I'll tell you what pisses me off. It's when I get some time out to do something for myself and then I come home and get to do all the stuff I would have done if I'd been home (washing, washing up, tidying etc) because DH could only mind the baby and not doing anything else. Granted they have a wonderful time (and DS thinks Daddy is top banana 'cos all they do is play) but time off should mean you do something OTHER than the daily grind, not something else AS WELL as the daily grind...only later!
He didn't ignore mealtimes. He made his own choice as to what he wanted to feed his son.
Sometimes on threads like this it seems some believe Mums are the only ones who can make any decisions and if a Father dares to deviate at all then they are useless.
we dont know if baby got milk...it sounds as not, from the OP
Yogurts aren't meals in themselves - they are snacks or post-meals. The DH is getting cut too much slack. The OP is the one that is alone for 4 weeks at a time and this is reason she had to leave instructions/meals for DH which is fair enough as he'd not to know how things change in 4 weeks as a lot will be different. OP to me tried to facilitate the DH having a day with baby by doing this and he just ignored it all.

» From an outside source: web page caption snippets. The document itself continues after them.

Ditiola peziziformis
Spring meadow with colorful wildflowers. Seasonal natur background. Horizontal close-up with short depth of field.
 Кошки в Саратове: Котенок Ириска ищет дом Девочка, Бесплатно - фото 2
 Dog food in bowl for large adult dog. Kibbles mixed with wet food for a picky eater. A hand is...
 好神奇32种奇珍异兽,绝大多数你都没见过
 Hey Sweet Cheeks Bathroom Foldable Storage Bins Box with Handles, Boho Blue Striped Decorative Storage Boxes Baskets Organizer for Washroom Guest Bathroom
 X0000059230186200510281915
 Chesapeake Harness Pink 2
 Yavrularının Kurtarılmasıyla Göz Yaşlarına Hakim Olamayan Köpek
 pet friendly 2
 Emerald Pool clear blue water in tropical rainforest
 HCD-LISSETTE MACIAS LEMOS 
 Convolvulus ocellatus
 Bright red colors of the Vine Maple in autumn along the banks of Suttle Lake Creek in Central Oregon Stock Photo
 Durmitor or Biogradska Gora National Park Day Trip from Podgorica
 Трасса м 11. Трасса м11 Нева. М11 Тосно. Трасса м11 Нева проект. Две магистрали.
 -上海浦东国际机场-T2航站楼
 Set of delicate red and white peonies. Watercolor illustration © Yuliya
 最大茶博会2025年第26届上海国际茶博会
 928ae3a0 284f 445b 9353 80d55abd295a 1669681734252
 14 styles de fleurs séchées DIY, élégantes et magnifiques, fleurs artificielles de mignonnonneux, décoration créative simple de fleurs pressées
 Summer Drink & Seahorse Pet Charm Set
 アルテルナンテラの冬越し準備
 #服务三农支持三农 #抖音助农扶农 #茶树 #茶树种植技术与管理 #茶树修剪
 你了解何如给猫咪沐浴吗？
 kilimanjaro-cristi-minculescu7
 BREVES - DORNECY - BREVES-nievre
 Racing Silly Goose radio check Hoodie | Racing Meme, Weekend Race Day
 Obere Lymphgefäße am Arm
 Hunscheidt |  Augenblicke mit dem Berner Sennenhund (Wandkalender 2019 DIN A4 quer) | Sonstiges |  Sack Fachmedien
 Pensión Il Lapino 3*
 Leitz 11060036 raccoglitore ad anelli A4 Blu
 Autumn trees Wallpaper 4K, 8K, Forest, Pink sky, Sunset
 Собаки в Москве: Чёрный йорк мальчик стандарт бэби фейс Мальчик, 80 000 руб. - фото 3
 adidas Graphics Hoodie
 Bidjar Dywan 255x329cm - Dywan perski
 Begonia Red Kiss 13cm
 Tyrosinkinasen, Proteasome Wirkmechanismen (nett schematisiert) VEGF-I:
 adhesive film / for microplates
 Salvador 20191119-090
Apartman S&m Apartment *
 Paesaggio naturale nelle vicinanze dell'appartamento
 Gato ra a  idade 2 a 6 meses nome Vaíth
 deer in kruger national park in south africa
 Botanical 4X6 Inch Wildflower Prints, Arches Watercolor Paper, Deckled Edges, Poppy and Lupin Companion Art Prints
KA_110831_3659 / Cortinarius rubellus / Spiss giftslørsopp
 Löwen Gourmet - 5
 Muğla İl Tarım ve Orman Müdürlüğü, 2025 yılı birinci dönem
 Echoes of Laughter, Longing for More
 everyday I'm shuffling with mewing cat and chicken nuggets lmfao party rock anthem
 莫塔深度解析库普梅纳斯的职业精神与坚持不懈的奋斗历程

Thanks everyone, mixed bag of replies really.
The baby did get all his bottles DH is not that bad. Ds has a great appetite and would soon have let him known if he was hungry.
All who said I need to chill are probably right!
I think that I build up him coming home so much that I get stressed over stupid things, especially in the first few days when we're getting used to each other again.
It is frustrating when DH doesn't seem to listen but I should be used to that by now!
And for the record, I wasn't really bothered that he had a fruit corner, it's not going to do him the slightest bit of harm, it was more the not listening and not giving him the food that I had bothered to make. Next time I think I'll just go and leave them to it!
I would have been very annoyed too. It sounds like something my dp would do too. I probably would have reacted a tad calmer but I certainly would have let him know I wasn't impressed and that I was pissed off.
Its more the listening. My dp either doesn't listen to me or forgets what I have told him which infuriates me.
Its also a trust thing too as next time you leave him baby sitting you will be wondering if he is looking after your lo like you would.
its not 'making his own decisions' sirzy. Its just damn lazy half-arsedness
For an 8 month old a yoghurt is a fine 'meal'
DS weaned early and ate well but would have still been happy with a yoghurt at that age.